▶ [EXERCISE DESCRIPTION]
Give back exactly the line containing "Open dining room" and all that follow it in the data below, with the pictures left out.

▶ [EXTRACTED DATA]
_ _ _ _ _ _ _

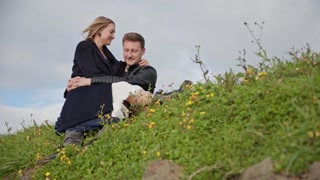 Romantic couple embracing on a hillside covered with flowers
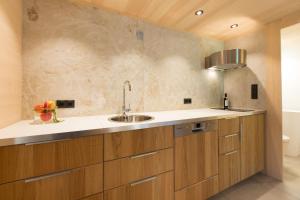 a kitchen with wooden cabinets and a sink at Ferienloft Waldblick in Schwarzenberg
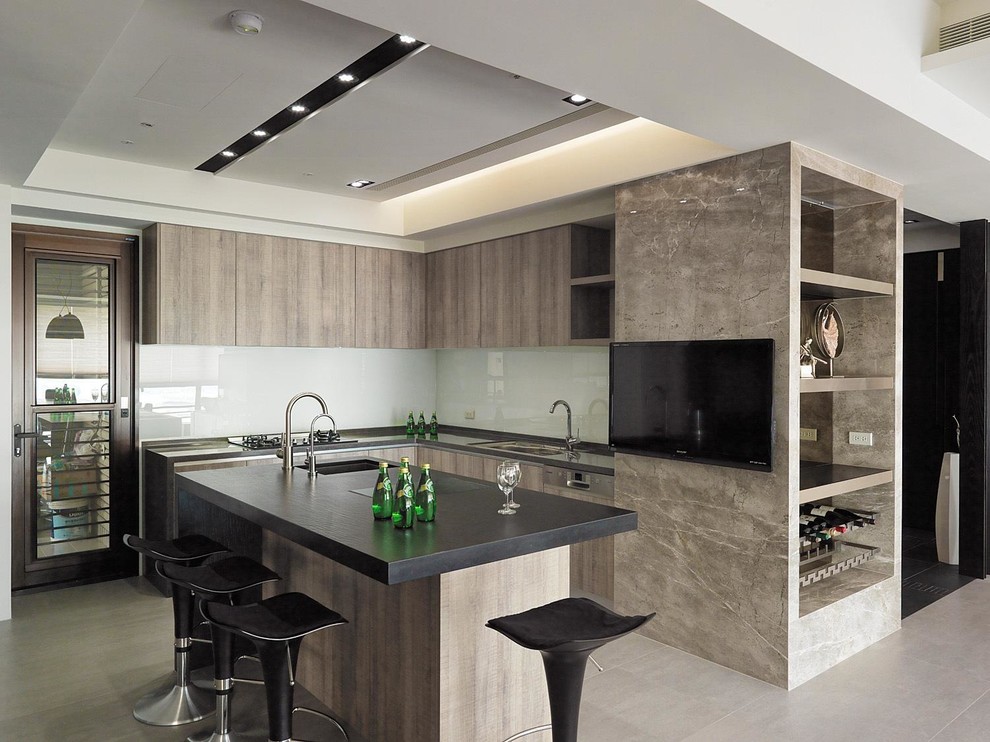 Design ideas for a mid-sized modern l-shaped kitchen in New York with an undermount sink, flat-panel cabinets, brown cabinets, white splashback, glass sheet splashback, panelled appliances, porcelain floors, with island and beige floor.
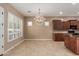 Open dining room with elegant chandelier, shutters, and connection to the kitchen space at 1260 E Sweet Citrus Dr, Queen Creek, AZ 85140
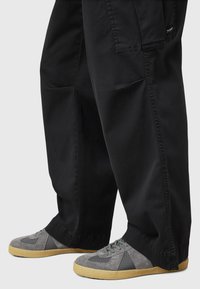 Pantaloni neri a gamba larga con una superficie morbida e tasche laterali, abbinati a sneakers grigie con una tomaia in suede e rete e suola in gomma.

_ _ _ _ _ _ _

▶ [REPLY]
 Open dining room with elegant chandelier, shutters, and connection to the kitchen space at 1260 E Sweet Citrus Dr, Queen Creek, AZ 85140
 Pantaloni neri a gamba larga con una superficie morbida e tasche laterali, abbinati a sneakers grigie con una tomaia in suede e rete e suola in gomma.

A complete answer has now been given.